◆ TASK BRIEF
Output the listing exactly, without its pictures.

◆ DATA SECTION
--------------------------------

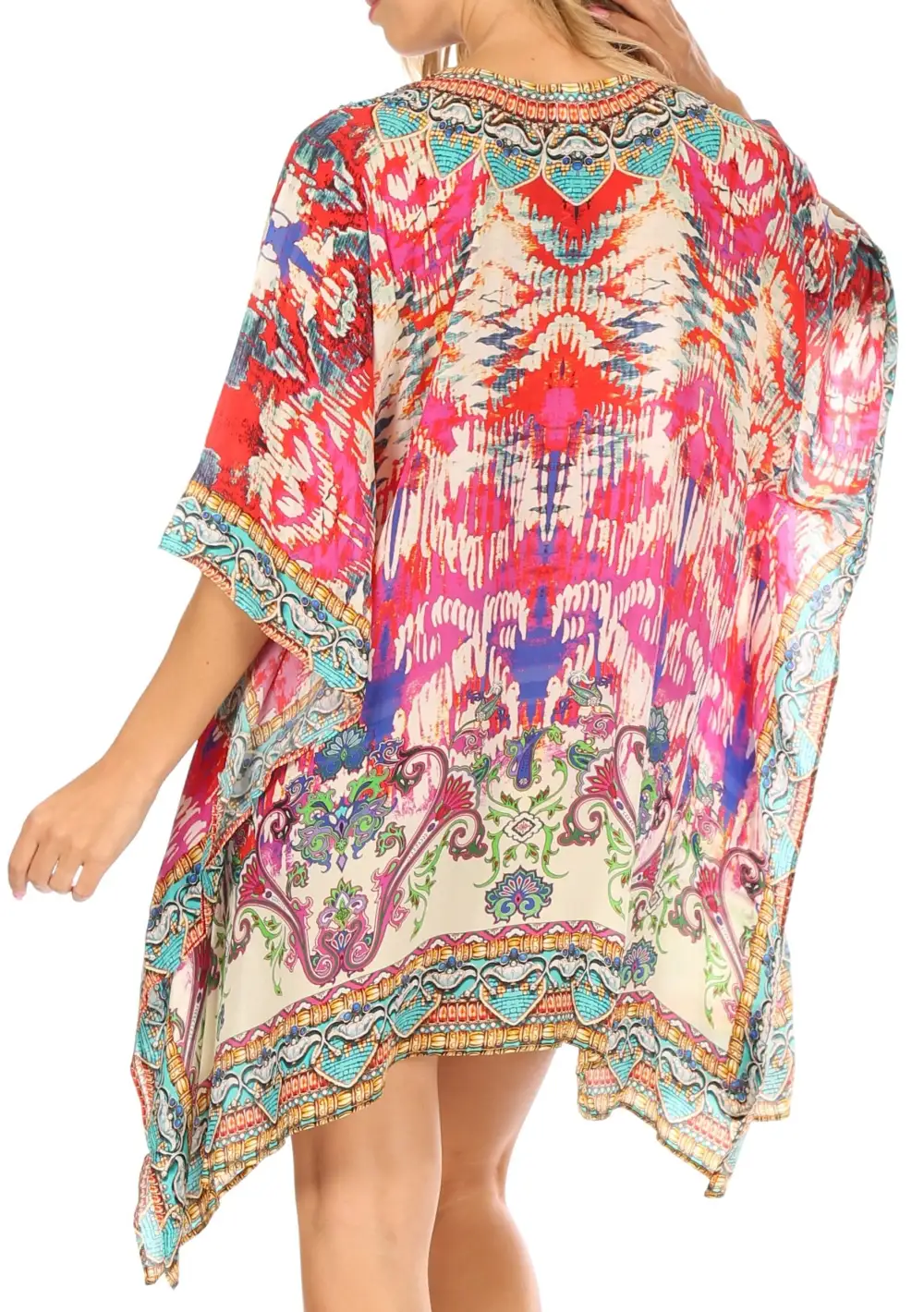 Women's Caftan Poncho Cover up V neck Top Lace up With Rhinestone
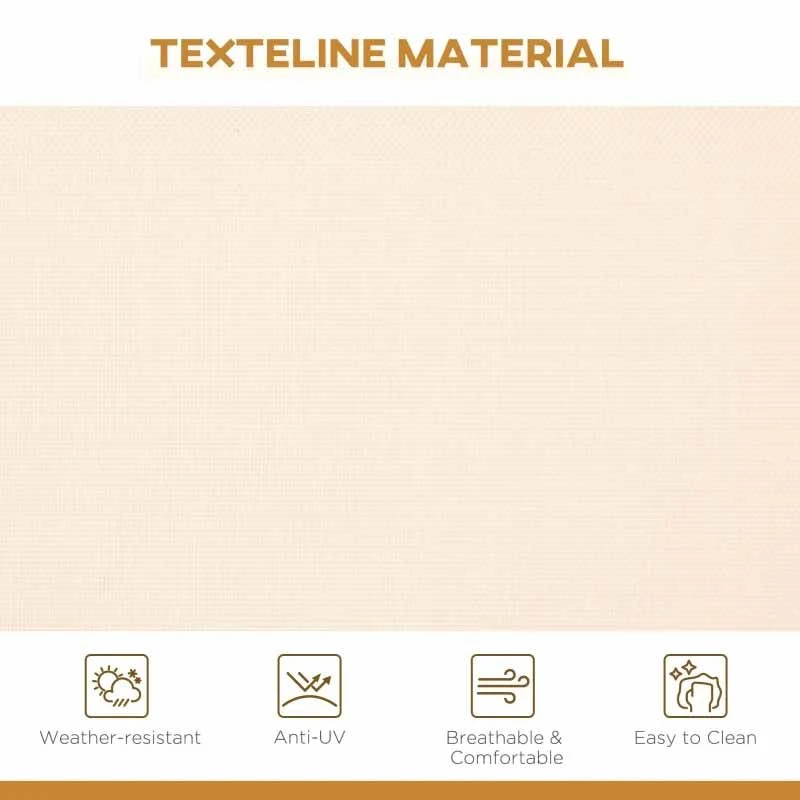 Outsunny 3 Seater Garden Swing Chair With Canopy - Beige - 84A-234BG - Image 8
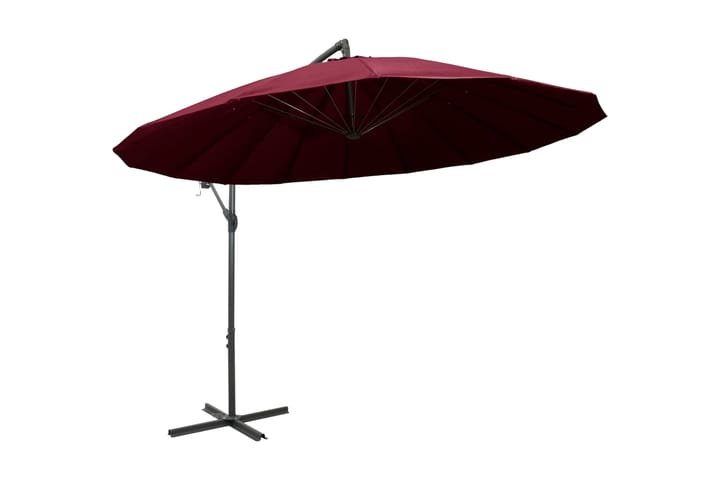 Riippuva päivänvarjo viininpunainen 3 m alumiinitanko - Punainen - Riippuva aurinkovarjo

--------------------------------

◆ REPLY TO THE EXERCISE
 Women's Caftan Poncho Cover up V neck Top Lace up With Rhinestone
 Outsunny 3 Seater Garden Swing Chair With Canopy - Beige - 84A-234BG - Image 8
 Riippuva päivänvarjo viininpunainen 3 m alumiinitanko - Punainen - Riippuva aurinkovarjo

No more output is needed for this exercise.